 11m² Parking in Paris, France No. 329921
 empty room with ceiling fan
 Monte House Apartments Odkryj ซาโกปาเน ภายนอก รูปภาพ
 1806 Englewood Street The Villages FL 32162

**WHAT IS REQUIRED**
Would you please give the data above again, exactly as it appears?

**SOLUTION FOR THIS PROBLEM**
 11m² Parking in Paris, France No. 329921
 empty room with ceiling fan
 Monte House Apartments Odkryj ซาโกปาเน ภายนอก รูปภาพ
 1806 Englewood Street The Villages FL 32162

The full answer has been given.